Gemini CLI Skill for Claude Code — Summary

A single-skill Claude Code plugin that teaches Claude how to orchestrate Google's Gemini CLI as a powerful auxiliary AI tool. The skill provides detailed instructions, prompt templates, integration patterns, and reference docs so Claude can delegate tasks — code generation, security audits, test writing, web research, and architecture analysis — to Gemini 3 Pro running locally on the user's machine.

The core value proposition is multi-model parallelism without any backend infrastructure: Claude spawns gemini as a subprocess via Bash, the skill guides prompt construction and flag usage, and Claude post-processes the output. The --yolo / -o text pattern is the central primitive, with a JSON output variant for programmatic parsing.

The skill bundles five markdown files: SKILL.md (core instructions), reference.md (CLI flag reference), templates.md (reusable prompts), patterns.md (integration workflows like Generate-Review-Fix), and tools.md (Gemini-specific built-in tools including google_web_search, codebase_investigator, and save_memory).

This is a pure "skills-only behavioral framework" — no commands, no hooks, no MCP server.
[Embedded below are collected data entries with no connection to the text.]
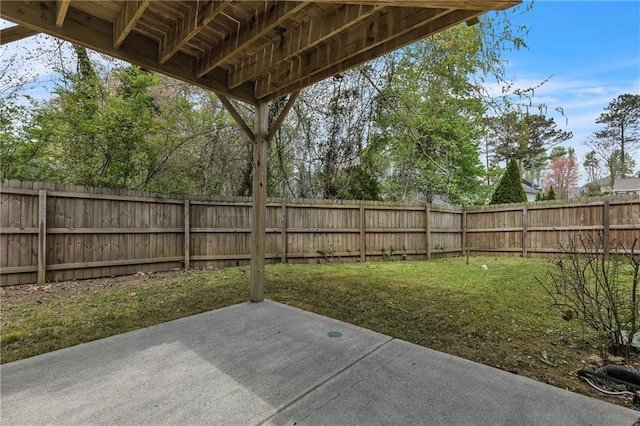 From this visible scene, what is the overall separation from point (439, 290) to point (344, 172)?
5.53 metres

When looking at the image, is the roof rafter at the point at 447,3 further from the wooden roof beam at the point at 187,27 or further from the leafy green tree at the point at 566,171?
the leafy green tree at the point at 566,171

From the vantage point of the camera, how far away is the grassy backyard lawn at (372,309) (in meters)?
2.47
It extends Claude with awareness of a second AI rather than augmenting Claude's own reasoning. Compared to seeds: closest to superpowers (skills-only, zero commands, zero hooks), but entirely focused on cross-model delegation rather than spec-driven workflow enforcement. Unlike ccmemory (which uses Neo4j MCP for memory), this uses Gemini's native save_memory tool for cross-session persistence.

01

Overview

Gemini CLI Skill — Overview

Origin

Created by Foray Consulting (forayconsulting), published November 2025. No stated prior art or inspiration; the repo description is "A Claude Code skill enabling Claude to use Gemini 3 Pro via Gemini CLI." The README frames the skill as a bridge between two frontier LLMs, not as a workflow methodology.

Philosophy

The central claim: different AI models bring different "mindsets." Claude writing code benefits from a Gemini review pass precisely because it uses a different training data distribution and a different architecture. The skill instantiates this as the "Generate-Review-Fix Cycle" — Claude generates, Gemini critiques, Claude fixes.
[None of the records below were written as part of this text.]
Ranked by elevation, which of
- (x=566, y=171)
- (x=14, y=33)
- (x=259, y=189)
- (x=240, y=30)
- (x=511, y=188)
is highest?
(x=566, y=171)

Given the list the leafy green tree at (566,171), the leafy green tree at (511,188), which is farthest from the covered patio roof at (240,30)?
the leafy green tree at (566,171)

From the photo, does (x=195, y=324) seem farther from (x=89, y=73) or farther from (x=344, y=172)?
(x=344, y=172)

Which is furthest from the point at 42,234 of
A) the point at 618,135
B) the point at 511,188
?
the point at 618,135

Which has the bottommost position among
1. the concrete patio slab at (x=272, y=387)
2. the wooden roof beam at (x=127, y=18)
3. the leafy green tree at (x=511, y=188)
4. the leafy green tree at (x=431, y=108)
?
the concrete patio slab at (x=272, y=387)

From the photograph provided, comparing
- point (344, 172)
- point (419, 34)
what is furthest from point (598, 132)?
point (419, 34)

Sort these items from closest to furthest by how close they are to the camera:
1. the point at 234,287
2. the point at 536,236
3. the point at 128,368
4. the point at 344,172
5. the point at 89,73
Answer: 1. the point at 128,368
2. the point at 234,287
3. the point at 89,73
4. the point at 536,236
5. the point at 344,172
A secondary claim: Gemini has unique tools (Google Search grounding, codebase_investigator, save_memory) that Claude Code cannot access natively. The skill is the bridge.

Manifesto-Style Quotes (from SKILL.md)

"When NOT to Use: Simple, quick tasks (overhead not worth it) ... Tasks requiring immediate response (rate limits cause delays) ... When context is already loaded and understood."

"YOLO Mode Behavior: Auto-approves tool calls but does NOT prevent planning prompts. Gemini may still present plans and ask 'Does this plan look good?' Use forceful language: 'Apply now' / 'Start immediately' / 'Do this without asking for confirmation'."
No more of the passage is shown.